■ WORK ITEM:
Would you please return the lines of the entries below starting at the line that has "NOVELAS III" and ending at the line that has "2 bedroom apartment to rent - Photo 2", both included, exactly as they are?

■ LISTED RECORDS:
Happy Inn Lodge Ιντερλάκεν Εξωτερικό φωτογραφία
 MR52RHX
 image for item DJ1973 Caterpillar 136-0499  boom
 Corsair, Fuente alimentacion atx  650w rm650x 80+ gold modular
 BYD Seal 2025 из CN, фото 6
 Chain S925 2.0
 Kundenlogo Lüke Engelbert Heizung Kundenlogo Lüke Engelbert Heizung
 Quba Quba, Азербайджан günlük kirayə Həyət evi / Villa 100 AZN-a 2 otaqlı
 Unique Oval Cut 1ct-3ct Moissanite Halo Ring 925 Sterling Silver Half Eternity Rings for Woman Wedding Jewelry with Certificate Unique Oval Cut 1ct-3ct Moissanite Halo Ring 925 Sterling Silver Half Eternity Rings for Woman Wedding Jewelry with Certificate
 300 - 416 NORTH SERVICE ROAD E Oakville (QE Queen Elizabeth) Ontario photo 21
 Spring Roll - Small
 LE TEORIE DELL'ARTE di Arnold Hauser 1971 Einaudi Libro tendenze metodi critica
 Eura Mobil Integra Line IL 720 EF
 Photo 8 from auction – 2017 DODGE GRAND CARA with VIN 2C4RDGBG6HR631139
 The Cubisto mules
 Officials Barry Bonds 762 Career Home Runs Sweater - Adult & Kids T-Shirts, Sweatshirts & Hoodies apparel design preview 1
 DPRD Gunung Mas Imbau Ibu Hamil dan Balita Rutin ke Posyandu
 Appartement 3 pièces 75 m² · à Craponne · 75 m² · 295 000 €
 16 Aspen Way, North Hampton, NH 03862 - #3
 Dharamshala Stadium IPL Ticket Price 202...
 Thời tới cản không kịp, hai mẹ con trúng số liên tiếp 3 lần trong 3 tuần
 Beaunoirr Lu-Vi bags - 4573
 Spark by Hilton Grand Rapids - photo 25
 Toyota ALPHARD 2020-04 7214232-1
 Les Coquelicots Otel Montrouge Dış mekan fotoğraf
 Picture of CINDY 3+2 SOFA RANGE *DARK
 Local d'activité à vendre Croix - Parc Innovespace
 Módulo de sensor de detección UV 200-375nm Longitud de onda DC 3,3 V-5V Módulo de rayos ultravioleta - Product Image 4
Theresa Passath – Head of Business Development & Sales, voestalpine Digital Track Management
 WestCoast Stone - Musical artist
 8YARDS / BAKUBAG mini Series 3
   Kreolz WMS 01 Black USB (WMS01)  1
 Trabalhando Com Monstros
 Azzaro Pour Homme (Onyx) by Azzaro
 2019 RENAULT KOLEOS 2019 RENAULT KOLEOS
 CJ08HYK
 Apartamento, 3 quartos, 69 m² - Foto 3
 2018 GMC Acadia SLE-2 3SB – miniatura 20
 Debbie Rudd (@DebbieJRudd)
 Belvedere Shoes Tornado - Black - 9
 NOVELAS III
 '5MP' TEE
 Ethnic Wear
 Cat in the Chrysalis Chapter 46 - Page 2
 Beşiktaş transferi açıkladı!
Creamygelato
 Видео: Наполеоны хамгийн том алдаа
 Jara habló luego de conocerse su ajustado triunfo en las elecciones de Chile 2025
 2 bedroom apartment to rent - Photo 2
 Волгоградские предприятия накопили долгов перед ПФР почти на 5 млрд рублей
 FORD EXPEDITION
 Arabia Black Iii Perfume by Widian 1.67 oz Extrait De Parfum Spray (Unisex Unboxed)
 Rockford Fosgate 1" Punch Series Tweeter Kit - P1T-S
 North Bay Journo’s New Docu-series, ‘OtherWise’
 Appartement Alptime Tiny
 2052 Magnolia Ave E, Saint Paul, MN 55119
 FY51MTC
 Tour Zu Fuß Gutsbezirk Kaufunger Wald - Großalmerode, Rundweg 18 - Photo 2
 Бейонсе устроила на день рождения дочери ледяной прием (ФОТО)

■ RESPONSE:
 NOVELAS III
 '5MP' TEE
 Ethnic Wear
 Cat in the Chrysalis Chapter 46 - Page 2
 Beşiktaş transferi açıkladı!
Creamygelato
 Видео: Наполеоны хамгийн том алдаа
 Jara habló luego de conocerse su ajustado triunfo en las elecciones de Chile 2025
 2 bedroom apartment to rent - Photo 2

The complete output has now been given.